Imran Sheikh

Personal information
- Born: 1985
- Nickname: Dhoni of the Indian national deaf and mute cricket team
- Role: all-rounder

= Imran Sheikh =

Indian deaf cricketer

Imran Sheikh (born 1985) is an Indian deaf cricketer and a Kachori vendor. He served as the former captain of the Indian deaf cricket team from 2012 to 2017. He was also a member of the Indian team which won the 2005 Deaf Cricket World Cup. He is often known as the Dhoni of the Indian deaf cricket team mainly for his ability to strike the ball harder and for being a regular finisher for the national deaf cricket team. He has the inability to speak and hear as he uses sign language to communicate.

== Career ==
Imran is about 6 feet tall in height and started playing cricket at the age of 15.

Imran Sheikh is regarded as one of the most experienced deaf cricketers to have played for the Indian national deaf cricket team as he was part of the national team for more than 15 years. He is notable for his great strokeplays which helped India to secure the Deaf Cricket World Cup in 2005. During the 2005 World Cup, he chipped in with some good innings including a knock of 70 runs against New Zealand in a group stage match and a crucial knock of 62 runs against arch-rivals Pakistan in the semifinals of the tournament.
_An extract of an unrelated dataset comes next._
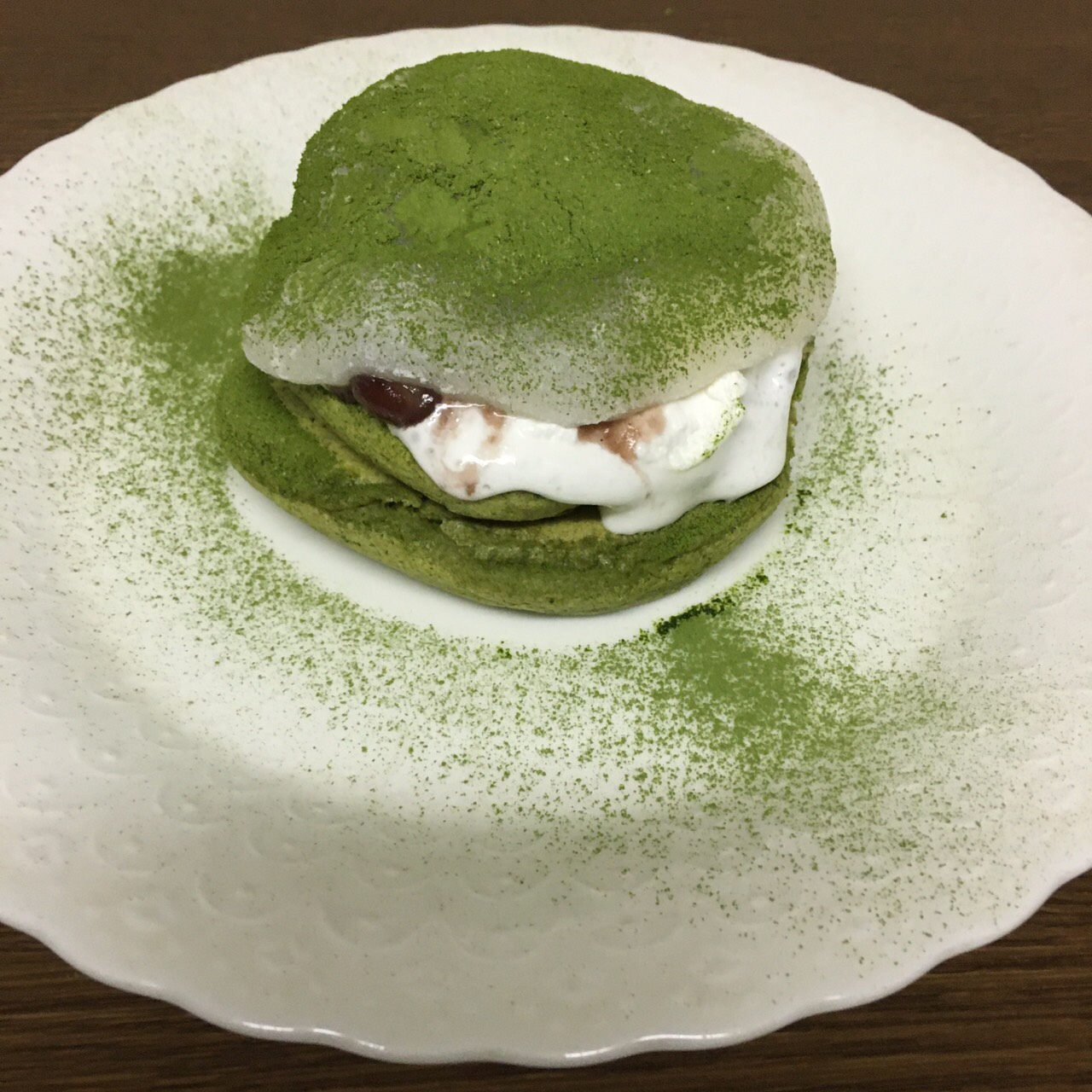 求肥の抹茶小倉パンケーキ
He continued his good form with the bat in the finals by notching a match winning 40 runs against England and also claimed 3 wickets to secure the Deaf Cricket World Cup title for India.

He too led the Indian team which won the 2017 Deaf T20 Asia Cup defeating Sri Lanka by 156 runs in the finals.

== Post cricket ==
As the blind and deaf cricketers have been continuously ignored in India, the deaf cricketer had to quit the sport of cricket and was forced to sell moong kachori at a roadside stall as he started a Kachori Stall with the help of his wife Roza Sheikh in Vadodara, Gujarat on the Old Padra Road with the intention of relieving from the financial crisis which affected his family members as he is the only income earner in the family.

In 2017, he built a Cricket Academy at a school in Vadodara for the deaf cricketers which was also a lifetime dream for him in order to improve the quality of deaf cricket in India.